[Activity] Report every line of the listing below in which the string "https" occurs.
[Source material — start]
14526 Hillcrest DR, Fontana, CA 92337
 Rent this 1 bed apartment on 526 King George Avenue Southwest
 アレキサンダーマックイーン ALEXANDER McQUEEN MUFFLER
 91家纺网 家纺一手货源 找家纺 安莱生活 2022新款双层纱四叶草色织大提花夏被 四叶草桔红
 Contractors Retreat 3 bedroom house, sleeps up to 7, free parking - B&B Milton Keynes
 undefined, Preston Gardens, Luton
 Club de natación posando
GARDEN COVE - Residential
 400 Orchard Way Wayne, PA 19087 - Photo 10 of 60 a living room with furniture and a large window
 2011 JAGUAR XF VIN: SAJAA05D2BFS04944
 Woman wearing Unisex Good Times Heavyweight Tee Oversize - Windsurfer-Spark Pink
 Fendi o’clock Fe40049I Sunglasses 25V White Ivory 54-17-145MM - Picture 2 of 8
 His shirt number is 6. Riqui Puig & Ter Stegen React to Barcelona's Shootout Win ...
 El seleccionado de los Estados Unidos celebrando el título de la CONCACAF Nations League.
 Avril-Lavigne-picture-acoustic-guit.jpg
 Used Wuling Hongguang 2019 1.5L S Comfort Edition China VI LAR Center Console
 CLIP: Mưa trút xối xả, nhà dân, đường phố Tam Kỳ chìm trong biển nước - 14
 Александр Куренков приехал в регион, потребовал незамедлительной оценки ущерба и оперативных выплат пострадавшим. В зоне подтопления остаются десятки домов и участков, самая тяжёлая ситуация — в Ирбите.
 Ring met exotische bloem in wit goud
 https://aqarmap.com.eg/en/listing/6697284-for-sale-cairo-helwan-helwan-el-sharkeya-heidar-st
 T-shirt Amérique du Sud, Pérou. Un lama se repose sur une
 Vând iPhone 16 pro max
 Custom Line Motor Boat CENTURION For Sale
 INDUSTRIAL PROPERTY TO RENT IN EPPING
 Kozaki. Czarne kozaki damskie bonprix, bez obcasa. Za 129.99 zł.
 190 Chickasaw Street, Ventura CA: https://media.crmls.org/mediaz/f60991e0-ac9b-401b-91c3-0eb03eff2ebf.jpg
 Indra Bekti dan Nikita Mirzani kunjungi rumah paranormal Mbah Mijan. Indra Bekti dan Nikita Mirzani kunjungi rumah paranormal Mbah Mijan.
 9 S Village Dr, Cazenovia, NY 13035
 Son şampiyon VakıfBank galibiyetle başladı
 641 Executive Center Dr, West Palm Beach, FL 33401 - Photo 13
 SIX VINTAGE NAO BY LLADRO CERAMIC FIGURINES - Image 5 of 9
[Source material — finish]
[Output of the task]
 https://aqarmap.com.eg/en/listing/6697284-for-sale-cairo-helwan-helwan-el-sharkeya-heidar-st
 190 Chickasaw Street, Ventura CA: https://media.crmls.org/mediaz/f60991e0-ac9b-401b-91c3-0eb03eff2ebf.jpg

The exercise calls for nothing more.